Nos últimos dias, assistimos a um curioso contraste: as oposições e a imprensa perguntaram ao governo a quanto montava, exactamente, o alívio do IRS, e o governo nada disse, ou foi vago; uma jornalista, Maria João Avillez, aqui no Observador, perguntou ao ex-primeiro ministro Pedro Passos Coelho o que se passou no governo durante o ajustamento de 2011-2014, e Passos Coelho respondeu sem rodeios, com os nomes e tudo. Vale a pena comparar esta duas atitudes: a opacidade do governo e a transparência de Passos Coelho. Dizem muito sobre a política portuguesa.

O governo foi acusado de mentir. Na era da vitimização, não faltou mesmo quem sentisse o direito de se declarar lesado. O governo, porém, não mentiu, até porque quase não falou. O governo deixou apenas crescer um equívoco. Porquê? Porque este é um governo prisioneiro da sua fraqueza. Uma fraqueza que foi opção dos líderes do PSD, quando, perante a maior maioria de direita de sempre, decidiram inventar um governo minoritário, entalado entre um PS que não está conformado com a sua derrota, e um Chega que não está satisfeito com a sua vitória. Nada pode, por isso, fazer sobre a estrutura desequilibrada do Estado, verdadeira causa do extremismo fiscal: sem reconfigurar o Estado, não pode cortar despesa, e sem cortar despesa, não pode renunciar a receita. Por isso, resta-lhe colaborar na ilusão fomentada por António Costa em 2015 de que a “página da austeridade” tinha sido “virada”, deixando crer que pequenos retoques são maiores do que realmente são. Daqui a uns tempos, teremos, na mesma linha, os “aumentos” de funcionários e pensionistas. A página que não foi nem poderá ser virada, por opção de Luís Montenegro, foi a “página de António Costa”: governos fracos à frente de um Estado disfuncional, para quem a política está fatalmente reduzida à “comunicação”, à “imagem”, e à “agenda mediática” – isto é, ao simulacro, a que depois o Dr. Marques Mendes dá notas altas no domingo.
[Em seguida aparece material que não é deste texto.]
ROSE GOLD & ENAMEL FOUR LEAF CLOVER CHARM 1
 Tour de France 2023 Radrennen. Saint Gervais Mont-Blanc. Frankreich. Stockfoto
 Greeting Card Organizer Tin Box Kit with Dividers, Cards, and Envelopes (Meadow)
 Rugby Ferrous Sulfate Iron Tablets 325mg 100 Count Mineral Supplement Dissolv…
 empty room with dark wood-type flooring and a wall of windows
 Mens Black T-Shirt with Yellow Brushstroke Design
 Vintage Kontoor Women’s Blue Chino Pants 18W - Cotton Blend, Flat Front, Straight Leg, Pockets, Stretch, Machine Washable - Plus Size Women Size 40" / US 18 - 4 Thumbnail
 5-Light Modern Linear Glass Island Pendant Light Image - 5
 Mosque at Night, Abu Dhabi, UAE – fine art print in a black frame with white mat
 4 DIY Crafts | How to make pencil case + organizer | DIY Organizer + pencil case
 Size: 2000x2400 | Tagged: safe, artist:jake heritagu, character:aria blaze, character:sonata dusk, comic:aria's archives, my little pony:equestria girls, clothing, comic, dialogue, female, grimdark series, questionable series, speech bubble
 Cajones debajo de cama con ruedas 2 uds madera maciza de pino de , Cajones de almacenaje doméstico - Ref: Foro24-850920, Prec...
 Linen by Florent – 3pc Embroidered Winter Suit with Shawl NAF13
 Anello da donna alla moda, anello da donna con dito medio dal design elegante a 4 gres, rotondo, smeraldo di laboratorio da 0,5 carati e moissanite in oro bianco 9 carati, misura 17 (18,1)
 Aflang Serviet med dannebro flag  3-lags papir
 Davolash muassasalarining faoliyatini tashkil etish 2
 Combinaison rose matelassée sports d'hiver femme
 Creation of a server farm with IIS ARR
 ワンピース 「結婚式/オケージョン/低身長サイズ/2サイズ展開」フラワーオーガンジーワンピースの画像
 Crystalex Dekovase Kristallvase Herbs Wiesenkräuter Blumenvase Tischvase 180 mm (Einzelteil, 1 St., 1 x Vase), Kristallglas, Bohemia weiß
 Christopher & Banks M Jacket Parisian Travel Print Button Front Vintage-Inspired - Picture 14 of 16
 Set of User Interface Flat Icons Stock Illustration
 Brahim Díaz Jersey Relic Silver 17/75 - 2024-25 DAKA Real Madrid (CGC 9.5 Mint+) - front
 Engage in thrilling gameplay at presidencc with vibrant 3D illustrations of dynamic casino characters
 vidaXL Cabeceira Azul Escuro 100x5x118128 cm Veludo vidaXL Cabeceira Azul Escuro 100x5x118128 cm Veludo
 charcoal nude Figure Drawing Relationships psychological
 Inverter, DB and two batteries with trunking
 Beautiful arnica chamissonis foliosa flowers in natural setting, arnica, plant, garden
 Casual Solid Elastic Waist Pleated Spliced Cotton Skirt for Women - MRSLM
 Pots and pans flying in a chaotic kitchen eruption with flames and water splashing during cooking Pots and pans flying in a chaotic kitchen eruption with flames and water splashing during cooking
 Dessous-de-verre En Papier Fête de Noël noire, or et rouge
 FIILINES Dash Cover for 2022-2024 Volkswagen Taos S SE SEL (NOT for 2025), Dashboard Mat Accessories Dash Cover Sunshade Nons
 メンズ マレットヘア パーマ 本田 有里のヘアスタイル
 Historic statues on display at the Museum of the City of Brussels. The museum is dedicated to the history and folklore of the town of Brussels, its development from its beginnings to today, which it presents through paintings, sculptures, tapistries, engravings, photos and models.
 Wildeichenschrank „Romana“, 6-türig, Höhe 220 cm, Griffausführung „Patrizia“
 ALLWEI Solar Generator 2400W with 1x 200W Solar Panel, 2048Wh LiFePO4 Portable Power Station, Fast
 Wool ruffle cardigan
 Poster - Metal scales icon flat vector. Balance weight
Passos Coelho pôs logo os estúdios do regime a especular sobre as suas intenções, e houve mesmo quem conseguisse ver, no microscópio das intrigas, uma candidatura a qualquer coisa. Não há razão para tanto alarme social. Passos Coelho não fala o tempo todo, como alguns figurantes da vida pública. Mas quando fala, teve sempre esta inclinação: diz a verdade, por menos conveniente que seja, para ele ou para os outros. Disse a verdade agora, sobre o que se passou no seu governo. Mas disse também, quando no governo, a verdade sobre o que se passava no país. Deve ser a isso que a sabedoria do regime chama “erros de comunicação”. Mas é, se pensarem bem, uma grande liberdade. Passos Coelho é, entre os actuais políticos, o mais livre de todos: é o único que nunca perfilhou a política de simulacro. Pode, por isso, dizer o que pensa e o que sabe. Mais: pode pensar e saber, porque uma das condições para não enganar os outros é não se enganar a si próprio.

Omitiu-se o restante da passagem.